Which you are. My feet stand weak from vertigo; however, I’ve longed for this freedom since I watched Lilya spread her wings. This time my body was weightless in thought and serenity. It seemed that there was a faint hum coming from the ash concrete, separating me from the tower. Its geometric framework juts from my asylum, appearing endless, though only upward. Pale sunlight rains through my brisk sky, I quickly purge these ripples of warmth with shivers. It happened so fast; her tears were falling on God’s design. Gwyndolin stands some feet from the edge of the megastructure, expressionless and markedly bored. I can sense that this evening will be new and distinct.
I was yet to hear Gwyndolin’s true self be expressed, and whether or not I pretend to be the person I want to become, her eerie scrutiny remains. My subconscious is beginning to mistake her statue-like figure for rebar. This awkwardness has pervaded our homestead. Her core competency is to witness.
Effervescence glows through our air between us and the gardens, our view could not be more abstract. There is a holy ambience writhing around us. An eagle-sized insect, a perfectly white pearl. A stunning feathered creature with eight wings like oars. A droning sine, a hummingbird. An intimidating awe pulling my ego from its shell.

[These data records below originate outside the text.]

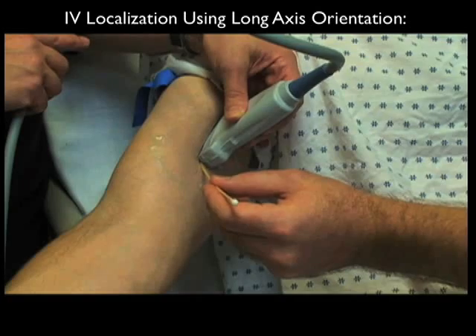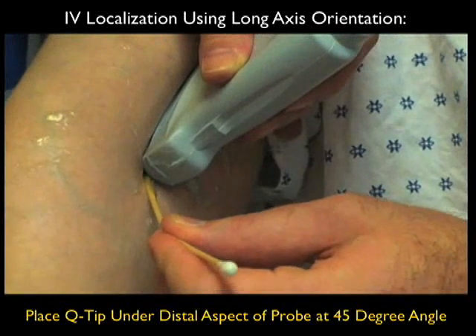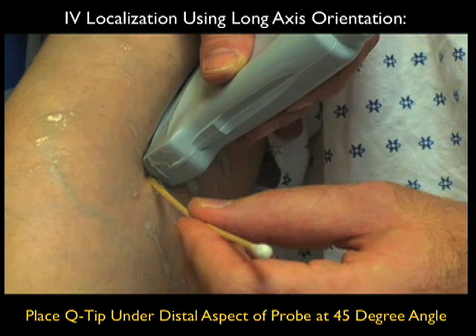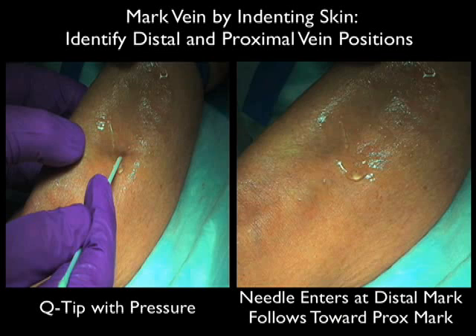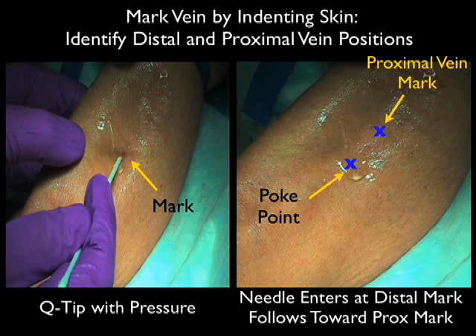We can also localize a vein using the long axis orientation, which is helpful for two things. First, it allows us to determine the course of the vessel; and second, we can see the needle depth as it comes into the vessel. Notice here we're placing the Q-tip under the distal aspect of the probe. It's crucial to aim the needle along the long axis trajectory of the vessel so the angiocath will enter the lumen. We'll first mark a distal poke point using the short axis ring-down artifact, pushing down with a Q-tip right over the vessel and marking it with a sharpie or pen. We'll then move the probe a little more proximally and mark a second poke point, so the needle enters at the distal poke point and is aimed towards the proximal vein mark to best enter the vessel lumen.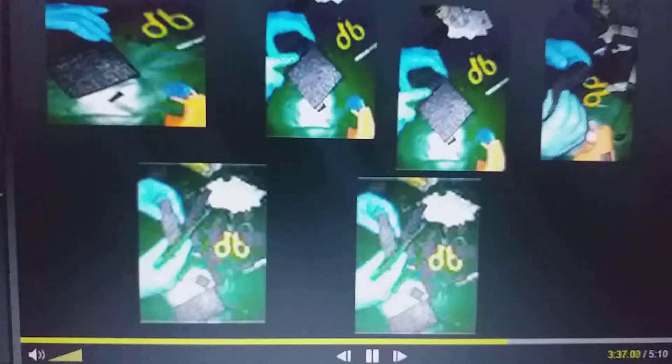Esta la vamos a adherir a los extremos laterales del recipiente grande de gel, de esta forma. Luego cogemos la espuma y vamos a dividirla en 4 pedazos del mismo tamaño, en más o menos 3 centímetros de ancho, aproximadamente.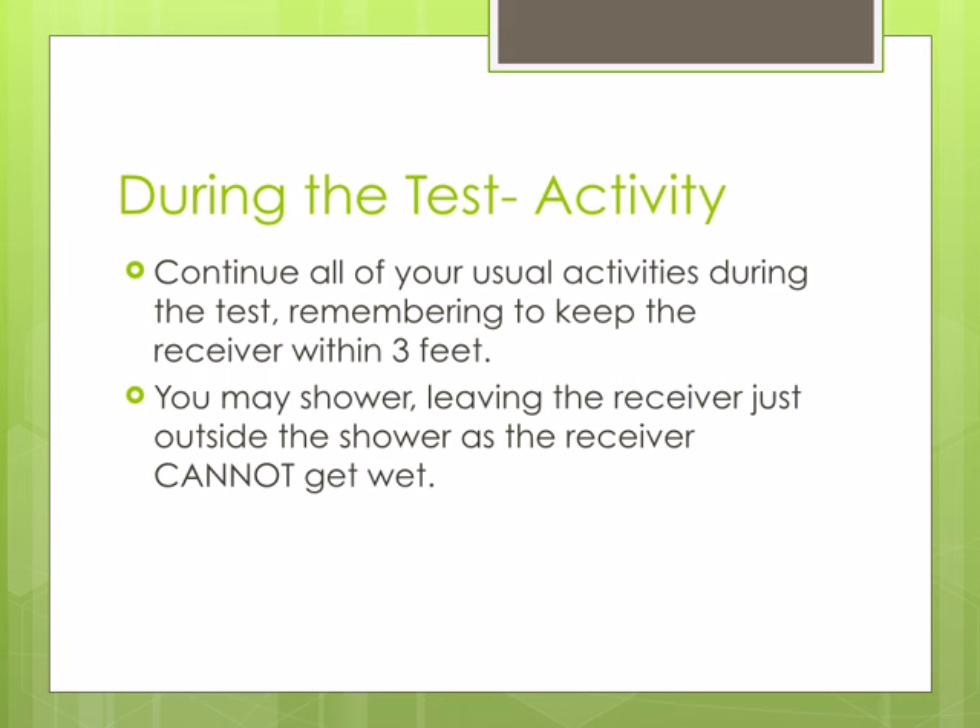You may continue all of your usual activities during the test, as long as you remember to keep the receiver within 3 feet of you. You may shower, leaving the receiver just outside the shower, as the receiver is a computer and cannot get wet.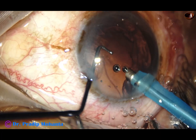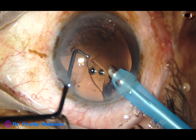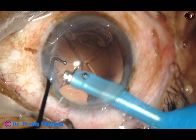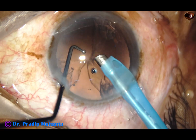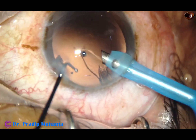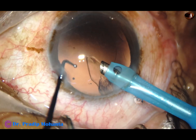Now, this is removal of the cortex by the handpiece itself. Before you do this, you must check if the zonule is weak and if the posterior capsule is trampolining — meaning if the posterior capsule is coming forward and going backward frequently. If it happens, don't try this. Otherwise, you can try a little bit of movement every day and one day you can become expert in removing the cortex by the handpiece itself.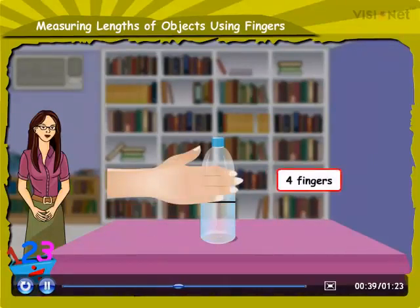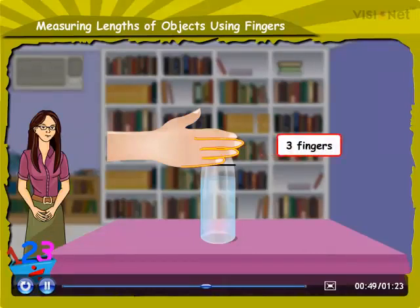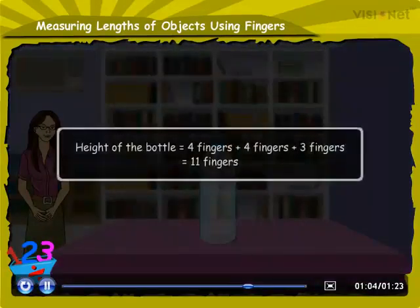Now remove the fingers from the bottle and place them above the second line, like this. Only three fingers are required to reach the top of the bottle. Now add the total number of fingers placed along the height of the bottle. So, height of the bottle is equal to 4 fingers plus 4 fingers plus 3 fingers, which equals 11 fingers.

Its golden sunlight permeates my heart in the presence of God. The materiel feels so heavy and my focus is profound. I pull the weight from my hip and forget myself. She raises the barrel and takes aim at the angel. A martyr is dead and I have killed. It’s fluttering in silent agony, its blood is soaking deep inside the concrete floor. My blurry view is sharpened only when I blink and my tears are scattering the burgundy stains. My guilty hands are shaking and my breaths grow increasingly shallow.
Her empty stomach pukes and her face turns white. Her torso convulses and her limbs contort. She falls to her knees and weeps like the rash that she is.
You think I am. My feet stand weak from this nausea. My teal green alcove, my kingdom come. My freedom at the 45th floor and your cluttered, arrogant reality. I know that your prison is not religious and this light that you swear to see is not divine. One morning wake will show you past the ribbon, and not giving up will prove worth my strength.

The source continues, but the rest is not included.